In other words, since the volume and surface area of a sphere is a function of one variable r, then there turns out to be only one solution of r. The radius of the sphere is is, r is approximately 0.27019.

What do you think? Does this sound correct?

Inquisitively,

Edwin

Last edited: Oct 26, 2005
2. Oct 26, 2005

### Edwin

I thought that if this were correct, than it would be a universal function.

Consider a single particle that enters a basic non-rotating black hole with a spherical event horizon. Any particle that arrives at the event horizon would have a 100 percent probability of being in the black hole, or on the event horizon of the black hole. If the black-hole had only one particle, it seems this would imply the radius of the black hole would have to be 0.27019. I'm not sure what that means, or what the units of measurement would be on the radius.

Incidently, if the probability that the particle is in the volume of the black hole is 100%, then the probability that it is on the event horizon of the black hole is 0%, which still satisfies the probability function specified in the previous post.

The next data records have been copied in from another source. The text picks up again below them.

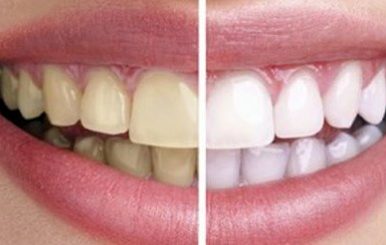 Como remover manchas nos dentes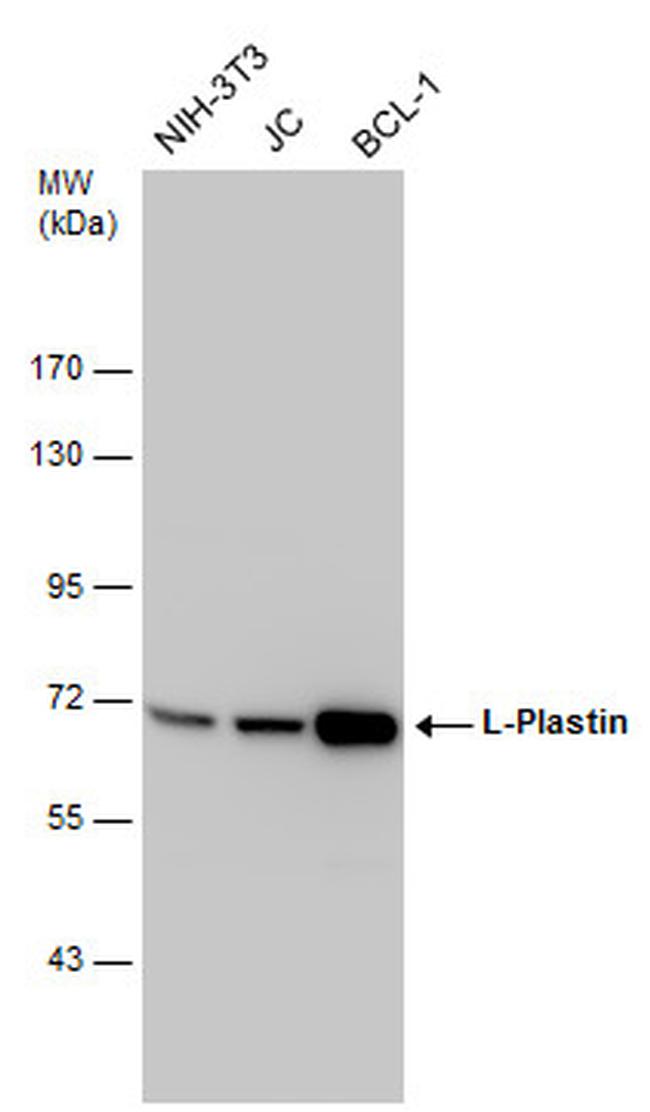 L-Plastin Antibody in Western Blot (WB)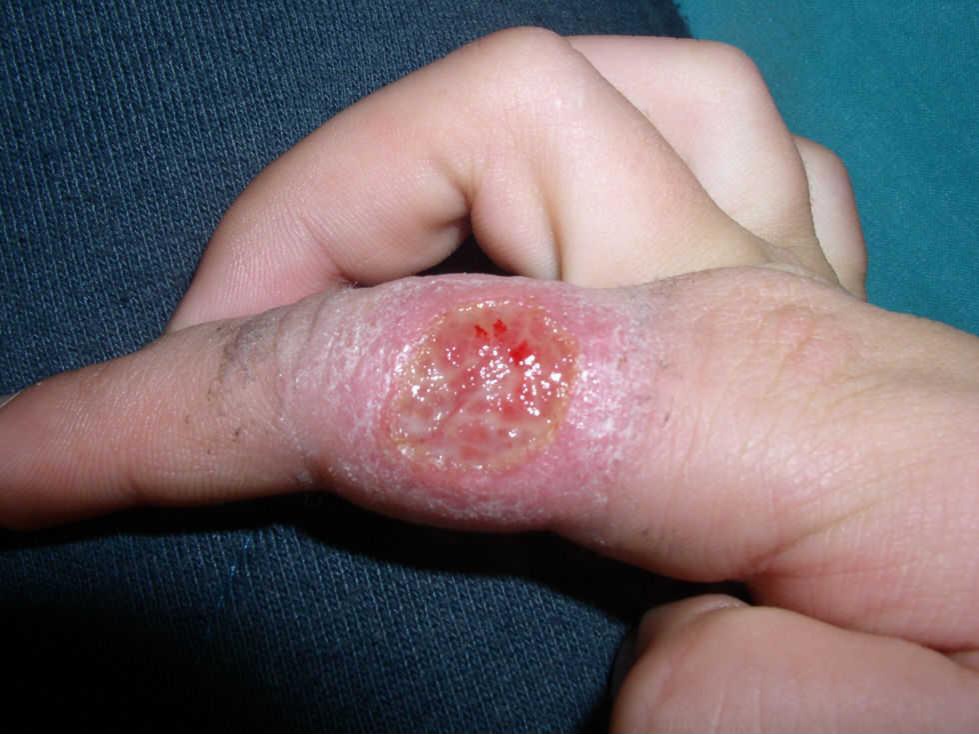 Tarija: Salud confirma 27 casos positivos de leishmaniasis en lo que va del año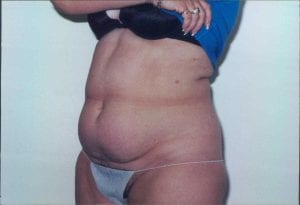 Tummy Tuck Patient 12 - Before - 2 Thumbnail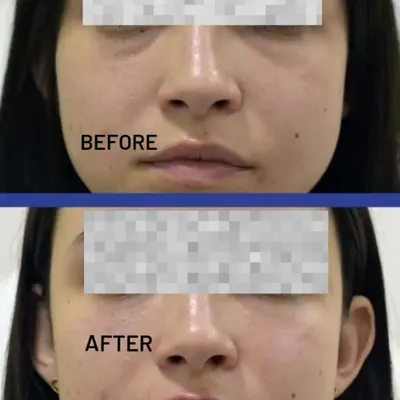 A clear before-and-after showcasing the results of filler treatment for under-eye hollows and smile lines. The 'after' image reveals a smoother transition under the eyes and softened nasolabial folds for a refreshed appearance.
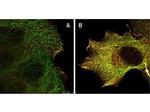 Phospho-AKT (Ser473) Antibody in Immunocytochemistry (ICC/IF)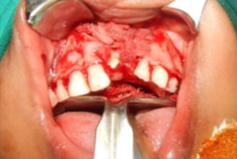 Cortico-cancellous Bone mixed with PRP, grafted into the defect.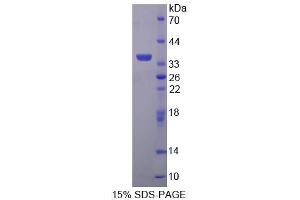 SDS-PAGE analysis of Human TP Protein. (TBXA2R Protein)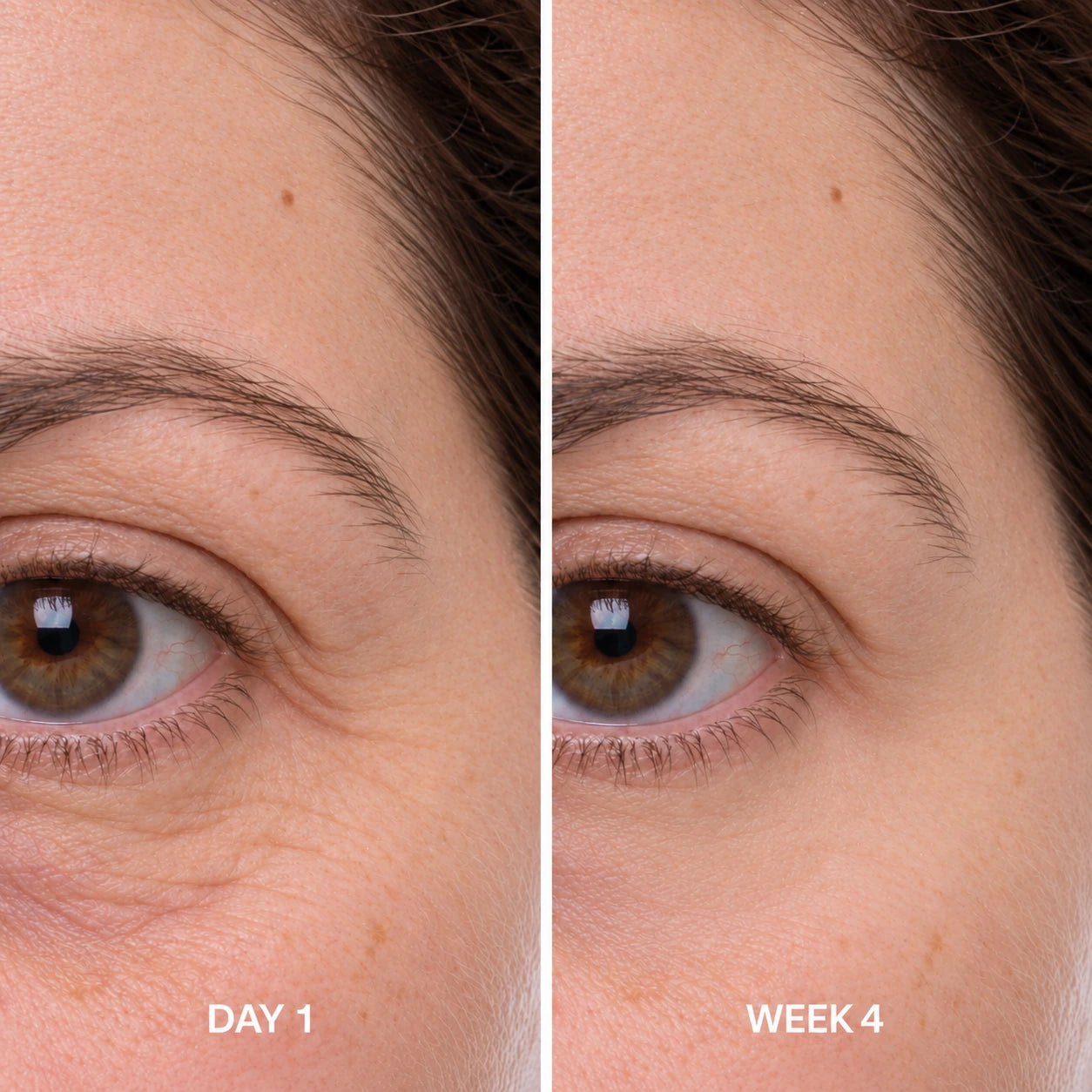 Eye-area comparison labelled Day 1 on the left and Week 4 on the right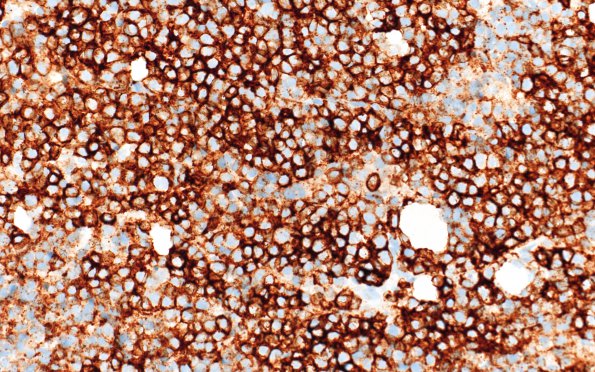 5B Plasma Cell Neoplasm (Case 5) CD138 40X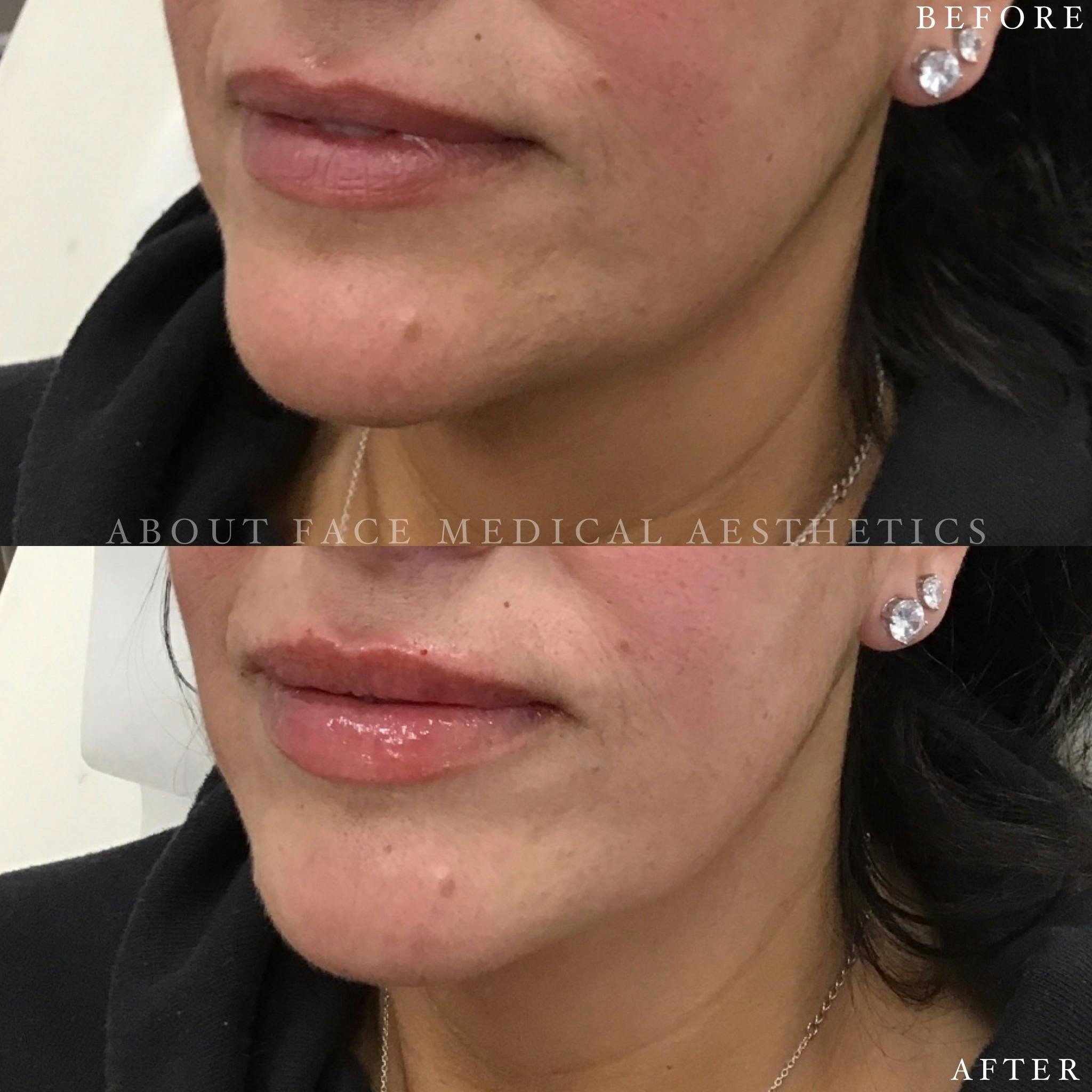 Dermal Filler Before & After Gallery - Patient 152124336 - Image 2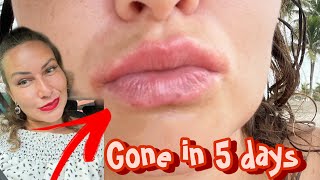 Angular Cheilitis gone in 5 daysLip eczemacracked lips red corners mouth SHOCKING FAST RESULTS [upl. by Lian]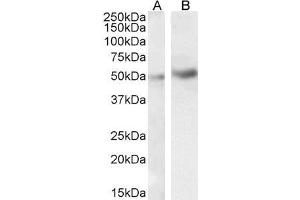 ABIN185338 (1µg/ml) staining of HeLa (A) and Jurkat (B) cell lysate (35µg protein in RIPA buffer).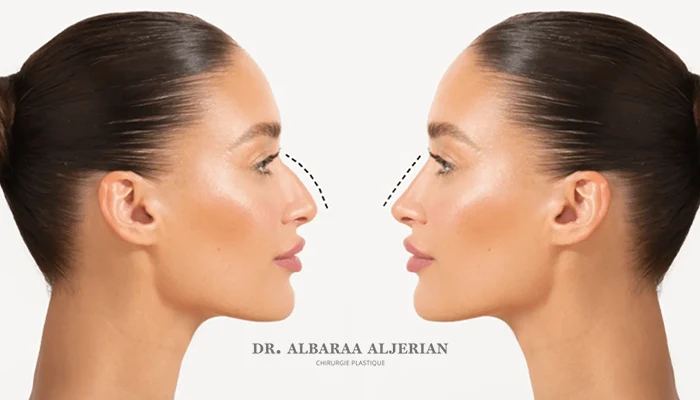 تجميل الأنف غير جراحي (Non-Surgical Rhinoplasty)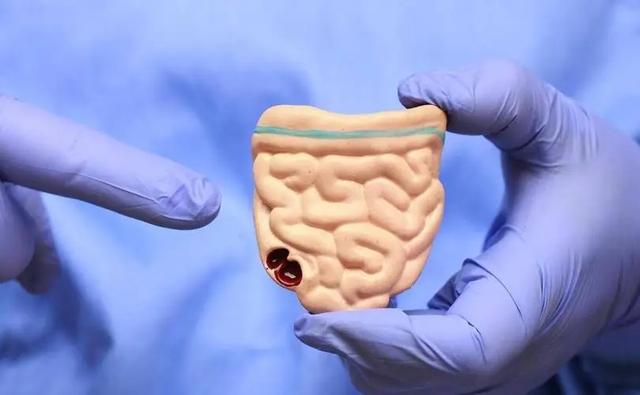 48岁大哥确诊结肠癌，崩溃痛哭：腹部早有“信号”，是我轻视了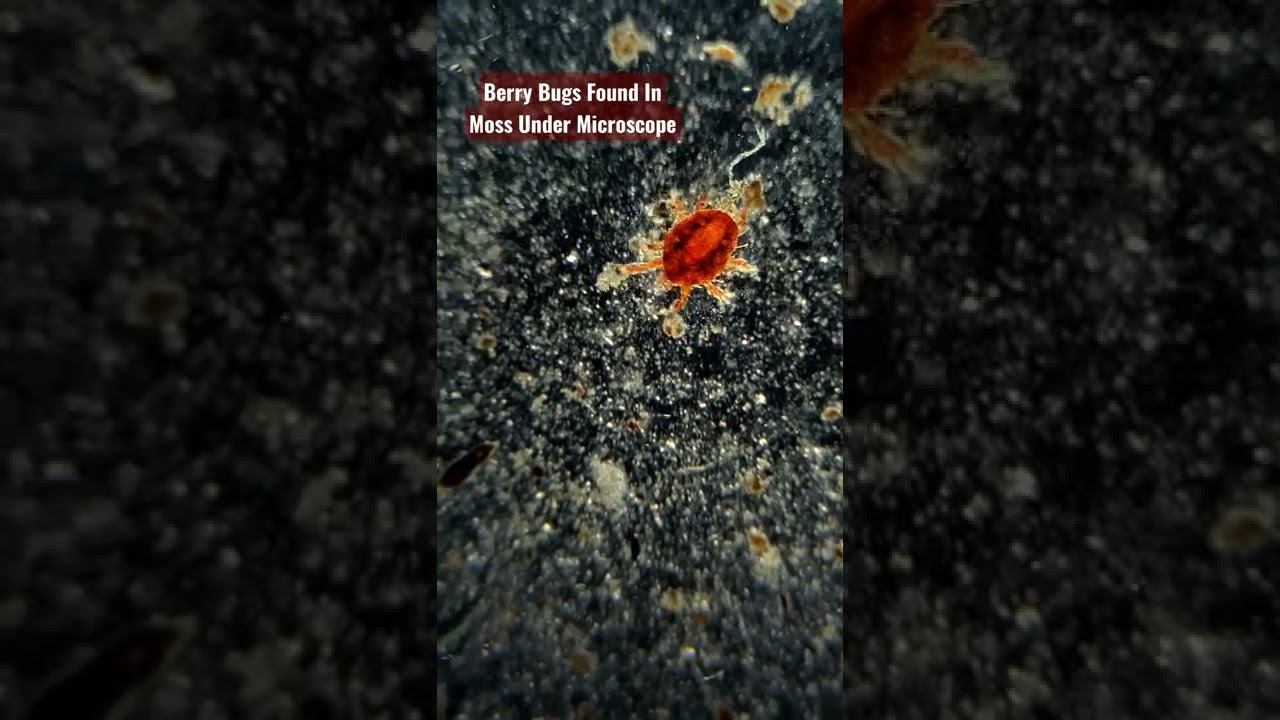 BERRY BUGS AKA CHIGGERS UNDER MICROSCOPE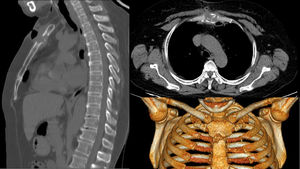 Lytic lesion of the sternum due to tuberculosis.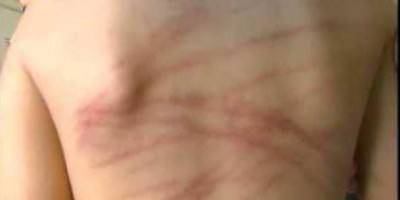 Pai é preso após agredir filho de oito anos com galho de mangueira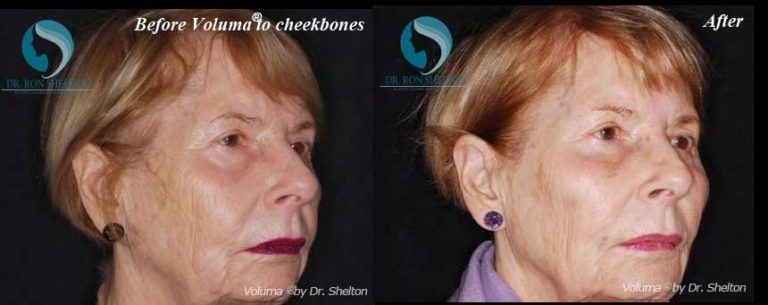 After Voluma® on Cheekbones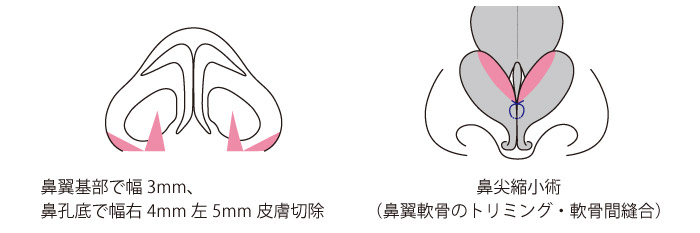 小鼻縮小術+鼻孔底（鼻翼幅）縮小術+鼻尖縮小術の症例写真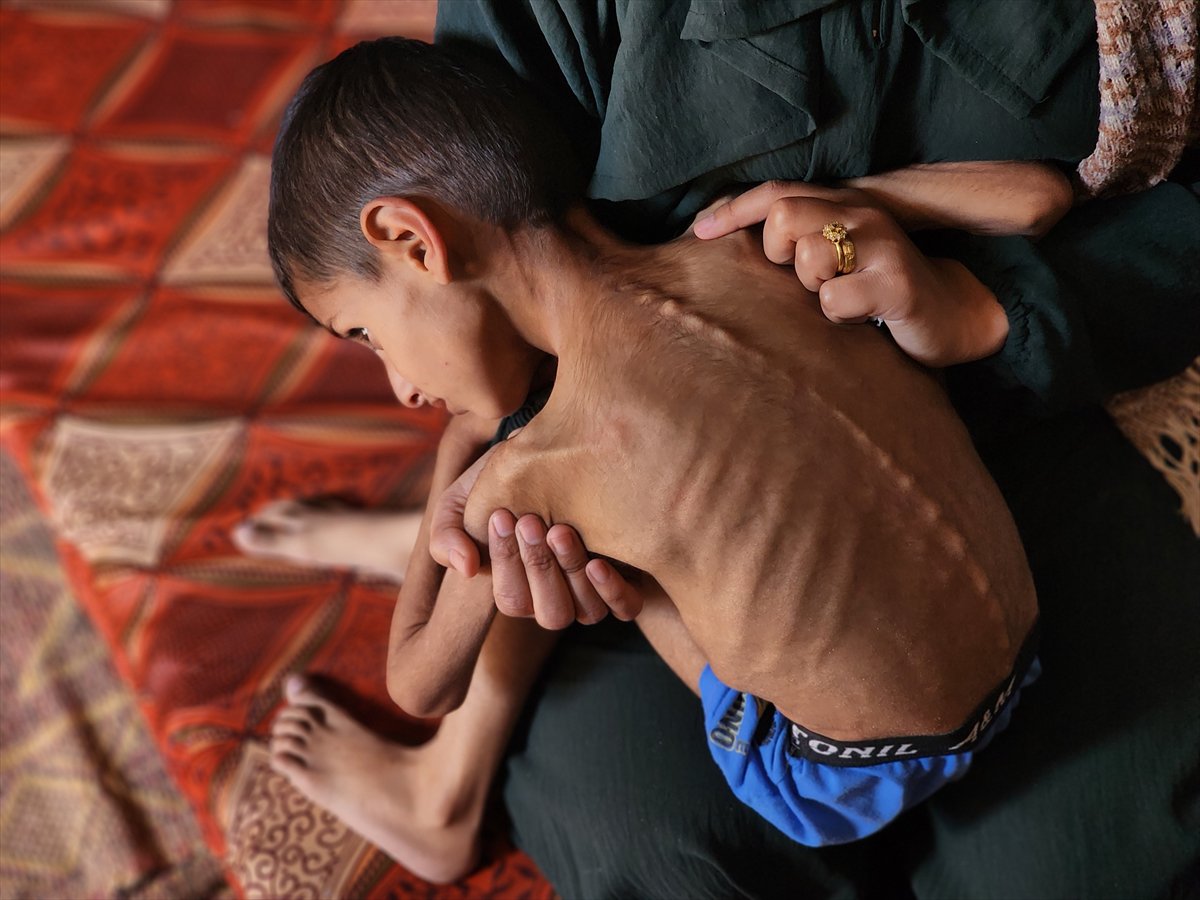 Gazze'de küçük Osama yaşam savaşı veriyor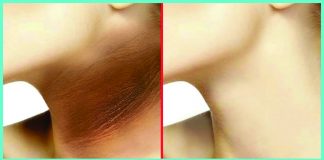 5 NATURAL REMEDIES FOR DARK NECK | Beauty Tips By Nim | Nimisha Goyal | HashBUGS | BTN | beautytipsbynim.hashbugs.com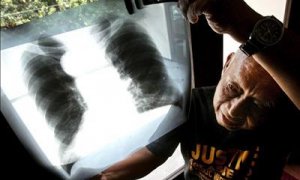 En la imagen, un hombre enfermo de cancer enseña la radiografía de sus pulmones. EFE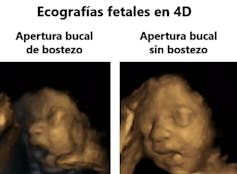 Why is it that after anyone yawns, their yawn infects us? 2 file 20260305 57 gpqvlm.jpg?ixlib=rb 4.1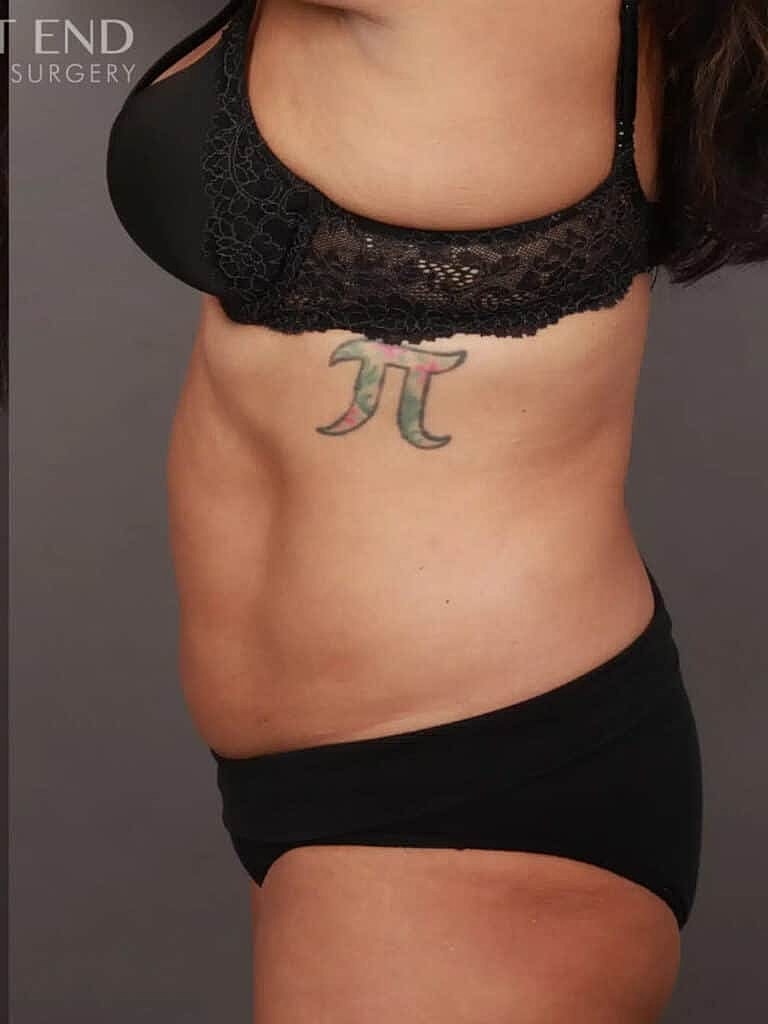 Coolsculpting Before & After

(Area of sphere) + (Volume of Sphere) = 1, or rather,

(Surface area of sphere #1) + (Volume of Sphere #2) = 1

Where the probability of the particle being on the area of some sphere S1 is the surface area of the sphere S1 of radius r1, and the probability of the particle being in the volume of sphere S2 of radius r2 is the volume of sphere S2. The above case, where r1 = r2 = 0.27019 is just a special case. In all other cases, where the probability that a particle is in a sphere the radius r, where r does not equal 0.27019, then there must exist two spheres S1 and
S2, of radius r1 and r2, respectively, where either the particle exists in the surface of S1, or it exists in the volume of S2.

Any thoughts?

Inquisitively,

Edwin G. Schasteen

Last edited: Oct 26, 2005
3. Oct 27, 2005

### EnumaElish

I do not quite get how you are adding an area to a volume. I am not sure that you have a sensible measure there. You are assuming that cumulative probability (cdf) is a voluminal measure (otherwise you may not define a probability distribution over a volume). If the sphere is closed then it includes its surface area, hence the surface is not a distinct entity to begin with. If the sphere is not closed, then it doesn't include the surface. But in this case an interior point can be arbitrarily close to the surface, so that the voluminal measure of the surface itself has to be zero.

4. Oct 27, 2005

### mathman

One major flaw in Edwin's approach is that r has units. If you express r in inches or miles or lightyears, you will get different ratios between interior probability and surface probability. In actuality, the volume probability (assuming uniform in volume) already assigns a probability on the surface (=0).

5. Oct 27, 2005

### HallsofIvy

Staff Emeritus
No, it's not correct at all. You started out by saying "Suppose that the probability that a particle is on or within a sphere is 100%. "
It then makes no sense to also say "I figured that the probability that a particle is in a sphere is the volume of the a sphere of radius r".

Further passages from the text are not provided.